Morning rolls and the feds seemed cheery to have company. Luckily the flash of the flood had passed and we were on our way... home! The hike up proved to be phenomenal. Waterfalls, double waterfalls, triple waterfalls this was something to be in awe over. There were so many we passed several up. Almost had to force myself to take more photos as I knew few get to see the spectacle. Passing some I couldn't help but think I used to lose sleep over seeing just one of these in prime.
Higher up we could see that the river before Big Canyon was still somewhat blue. One of the fed guys had said he thought Big Canyon & Salt Trail Canyon had hit but not so much LCR. He was right.

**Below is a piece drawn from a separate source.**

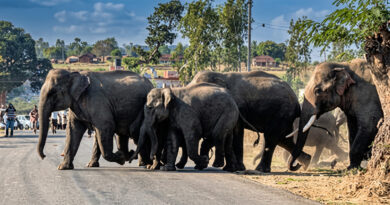 Flyover built for an elephant corridor collapses; locals stage a road blockade alleging poor-quality construction.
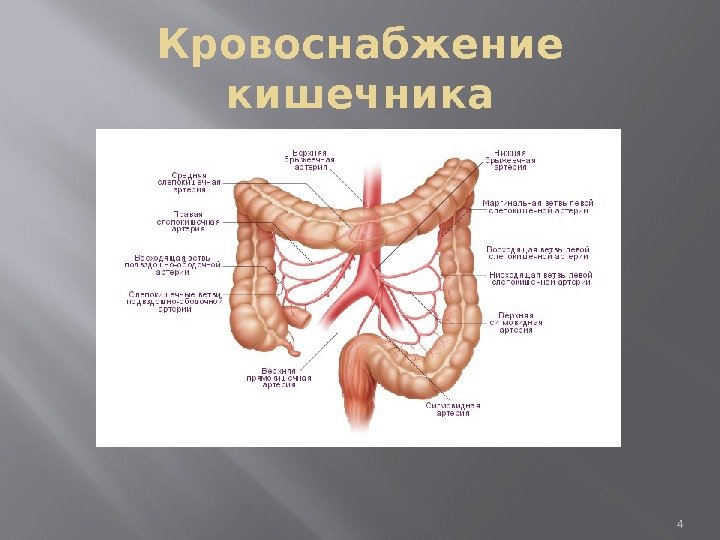 Кровоснабжение кишечника 4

He said this was the same type of flash flood that killed George. He knew him as he'd been coming yearly since '93. He arrived four days after the fact on that year in 2001. Which seems odd as that would have been August 11th, pretty dang hot to be in the canyon. Glad I convinced Dave out of wanting to camp at the confluence with Big Canyon...
Time and distance recorded is from the trailhead to the LCR confluence which most would be interested in knowing. 3 miles and 4.5 hours down. 6 hours up with several photo breaks.